(Items listed in a dataset)

^^^^

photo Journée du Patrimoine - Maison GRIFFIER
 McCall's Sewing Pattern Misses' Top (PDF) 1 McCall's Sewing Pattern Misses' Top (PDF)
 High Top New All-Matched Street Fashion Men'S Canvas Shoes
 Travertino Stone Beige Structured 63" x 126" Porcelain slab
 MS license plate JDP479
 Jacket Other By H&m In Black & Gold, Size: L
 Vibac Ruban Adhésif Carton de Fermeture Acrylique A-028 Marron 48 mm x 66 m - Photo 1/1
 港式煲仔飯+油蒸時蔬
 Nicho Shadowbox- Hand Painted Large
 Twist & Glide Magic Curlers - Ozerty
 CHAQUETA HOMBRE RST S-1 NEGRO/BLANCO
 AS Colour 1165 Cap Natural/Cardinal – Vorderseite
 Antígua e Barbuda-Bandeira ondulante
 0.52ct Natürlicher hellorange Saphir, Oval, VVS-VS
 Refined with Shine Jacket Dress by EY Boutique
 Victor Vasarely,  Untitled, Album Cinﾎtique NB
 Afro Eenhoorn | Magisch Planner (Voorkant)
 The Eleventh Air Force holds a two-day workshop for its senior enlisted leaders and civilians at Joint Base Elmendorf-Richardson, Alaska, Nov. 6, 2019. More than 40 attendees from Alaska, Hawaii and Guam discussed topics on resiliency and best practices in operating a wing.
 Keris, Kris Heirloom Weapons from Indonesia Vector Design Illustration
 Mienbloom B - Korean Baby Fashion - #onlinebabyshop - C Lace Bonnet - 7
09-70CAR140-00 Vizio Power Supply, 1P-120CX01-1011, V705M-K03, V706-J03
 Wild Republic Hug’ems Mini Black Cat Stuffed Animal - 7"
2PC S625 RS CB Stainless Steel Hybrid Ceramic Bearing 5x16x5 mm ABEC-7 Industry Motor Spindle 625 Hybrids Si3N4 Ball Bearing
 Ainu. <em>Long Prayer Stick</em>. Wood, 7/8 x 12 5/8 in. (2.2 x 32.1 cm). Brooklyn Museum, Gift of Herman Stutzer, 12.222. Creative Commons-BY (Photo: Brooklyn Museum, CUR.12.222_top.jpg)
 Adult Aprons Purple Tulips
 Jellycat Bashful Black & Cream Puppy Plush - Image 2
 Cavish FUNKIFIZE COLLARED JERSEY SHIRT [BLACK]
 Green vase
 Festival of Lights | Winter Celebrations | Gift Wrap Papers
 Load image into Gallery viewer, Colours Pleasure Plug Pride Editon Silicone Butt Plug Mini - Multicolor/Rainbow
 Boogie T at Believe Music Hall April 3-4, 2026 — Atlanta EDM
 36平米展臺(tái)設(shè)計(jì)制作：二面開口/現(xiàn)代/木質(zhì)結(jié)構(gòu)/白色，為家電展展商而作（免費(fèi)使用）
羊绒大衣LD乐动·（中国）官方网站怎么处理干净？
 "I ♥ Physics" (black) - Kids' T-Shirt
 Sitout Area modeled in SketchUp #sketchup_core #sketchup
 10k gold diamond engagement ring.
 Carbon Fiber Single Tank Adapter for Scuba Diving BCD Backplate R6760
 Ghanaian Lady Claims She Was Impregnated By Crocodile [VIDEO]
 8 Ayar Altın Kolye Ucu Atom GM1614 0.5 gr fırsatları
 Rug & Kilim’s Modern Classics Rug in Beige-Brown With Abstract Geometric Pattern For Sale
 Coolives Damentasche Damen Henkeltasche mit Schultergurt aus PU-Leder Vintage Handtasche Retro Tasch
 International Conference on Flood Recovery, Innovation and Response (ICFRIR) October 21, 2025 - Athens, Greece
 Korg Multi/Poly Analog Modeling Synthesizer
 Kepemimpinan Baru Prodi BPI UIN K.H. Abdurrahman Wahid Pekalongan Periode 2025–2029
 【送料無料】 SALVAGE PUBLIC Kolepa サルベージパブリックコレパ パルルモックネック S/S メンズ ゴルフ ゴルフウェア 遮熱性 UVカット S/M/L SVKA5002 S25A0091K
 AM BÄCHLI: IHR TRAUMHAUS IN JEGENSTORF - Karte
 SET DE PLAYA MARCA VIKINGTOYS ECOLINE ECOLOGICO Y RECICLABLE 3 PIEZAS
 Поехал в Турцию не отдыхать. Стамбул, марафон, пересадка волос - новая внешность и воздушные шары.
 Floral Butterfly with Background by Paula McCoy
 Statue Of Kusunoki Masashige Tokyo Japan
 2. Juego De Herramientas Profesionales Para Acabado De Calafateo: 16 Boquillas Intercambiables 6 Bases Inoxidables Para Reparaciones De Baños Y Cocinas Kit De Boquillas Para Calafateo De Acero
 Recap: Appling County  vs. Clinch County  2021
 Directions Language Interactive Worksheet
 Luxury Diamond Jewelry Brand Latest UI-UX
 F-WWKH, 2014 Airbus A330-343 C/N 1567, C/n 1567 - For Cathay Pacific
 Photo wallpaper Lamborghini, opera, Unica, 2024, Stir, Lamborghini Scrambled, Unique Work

^^^^

# [WHAT TO WORK ON]
Word for word, return the entire set of entries.

# [RESULT FOR THIS TASK]
photo Journée du Patrimoine - Maison GRIFFIER
 McCall's Sewing Pattern Misses' Top (PDF) 1 McCall's Sewing Pattern Misses' Top (PDF)
 High Top New All-Matched Street Fashion Men'S Canvas Shoes
 Travertino Stone Beige Structured 63" x 126" Porcelain slab
 MS license plate JDP479
 Jacket Other By H&m In Black & Gold, Size: L
 Vibac Ruban Adhésif Carton de Fermeture Acrylique A-028 Marron 48 mm x 66 m - Photo 1/1
 港式煲仔飯+油蒸時蔬
 Nicho Shadowbox- Hand Painted Large
 Twist & Glide Magic Curlers - Ozerty
 CHAQUETA HOMBRE RST S-1 NEGRO/BLANCO
 AS Colour 1165 Cap Natural/Cardinal – Vorderseite
 Antígua e Barbuda-Bandeira ondulante
 0.52ct Natürlicher hellorange Saphir, Oval, VVS-VS
 Refined with Shine Jacket Dress by EY Boutique
 Victor Vasarely,  Untitled, Album Cinﾎtique NB
 Afro Eenhoorn | Magisch Planner (Voorkant)
 The Eleventh Air Force holds a two-day workshop for its senior enlisted leaders and civilians at Joint Base Elmendorf-Richardson, Alaska, Nov. 6, 2019. More than 40 attendees from Alaska, Hawaii and Guam discussed topics on resiliency and best practices in operating a wing.
 Keris, Kris Heirloom Weapons from Indonesia Vector Design Illustration
 Mienbloom B - Korean Baby Fashion - #onlinebabyshop - C Lace Bonnet - 7
09-70CAR140-00 Vizio Power Supply, 1P-120CX01-1011, V705M-K03, V706-J03
 Wild Republic Hug’ems Mini Black Cat Stuffed Animal - 7"
2PC S625 RS CB Stainless Steel Hybrid Ceramic Bearing 5x16x5 mm ABEC-7 Industry Motor Spindle 625 Hybrids Si3N4 Ball Bearing
 Ainu. <em>Long Prayer Stick</em>. Wood, 7/8 x 12 5/8 in. (2.2 x 32.1 cm). Brooklyn Museum, Gift of Herman Stutzer, 12.222. Creative Commons-BY (Photo: Brooklyn Museum, CUR.12.222_top.jpg)
 Adult Aprons Purple Tulips
 Jellycat Bashful Black & Cream Puppy Plush - Image 2
 Cavish FUNKIFIZE COLLARED JERSEY SHIRT [BLACK]
 Green vase
 Festival of Lights | Winter Celebrations | Gift Wrap Papers
 Load image into Gallery viewer, Colours Pleasure Plug Pride Editon Silicone Butt Plug Mini - Multicolor/Rainbow
 Boogie T at Believe Music Hall April 3-4, 2026 — Atlanta EDM
 36平米展臺(tái)設(shè)計(jì)制作：二面開口/現(xiàn)代/木質(zhì)結(jié)構(gòu)/白色，為家電展展商而作（免費(fèi)使用）
羊绒大衣LD乐动·（中国）官方网站怎么处理干净？
 "I ♥ Physics" (black) - Kids' T-Shirt
 Sitout Area modeled in SketchUp #sketchup_core #sketchup
 10k gold diamond engagement ring.
 Carbon Fiber Single Tank Adapter for Scuba Diving BCD Backplate R6760
 Ghanaian Lady Claims She Was Impregnated By Crocodile [VIDEO]
 8 Ayar Altın Kolye Ucu Atom GM1614 0.5 gr fırsatları
 Rug & Kilim’s Modern Classics Rug in Beige-Brown With Abstract Geometric Pattern For Sale
 Coolives Damentasche Damen Henkeltasche mit Schultergurt aus PU-Leder Vintage Handtasche Retro Tasch
 International Conference on Flood Recovery, Innovation and Response (ICFRIR) October 21, 2025 - Athens, Greece
 Korg Multi/Poly Analog Modeling Synthesizer
 Kepemimpinan Baru Prodi BPI UIN K.H. Abdurrahman Wahid Pekalongan Periode 2025–2029
 【送料無料】 SALVAGE PUBLIC Kolepa サルベージパブリックコレパ パルルモックネック S/S メンズ ゴルフ ゴルフウェア 遮熱性 UVカット S/M/L SVKA5002 S25A0091K
 AM BÄCHLI: IHR TRAUMHAUS IN JEGENSTORF - Karte
 SET DE PLAYA MARCA VIKINGTOYS ECOLINE ECOLOGICO Y RECICLABLE 3 PIEZAS
 Поехал в Турцию не отдыхать. Стамбул, марафон, пересадка волос - новая внешность и воздушные шары.
 Floral Butterfly with Background by Paula McCoy
 Statue Of Kusunoki Masashige Tokyo Japan
 2. Juego De Herramientas Profesionales Para Acabado De Calafateo: 16 Boquillas Intercambiables 6 Bases Inoxidables Para Reparaciones De Baños Y Cocinas Kit De Boquillas Para Calafateo De Acero
 Recap: Appling County  vs. Clinch County  2021
 Directions Language Interactive Worksheet
 Luxury Diamond Jewelry Brand Latest UI-UX
 F-WWKH, 2014 Airbus A330-343 C/N 1567, C/n 1567 - For Cathay Pacific
 Photo wallpaper Lamborghini, opera, Unica, 2024, Stir, Lamborghini Scrambled, Unique Work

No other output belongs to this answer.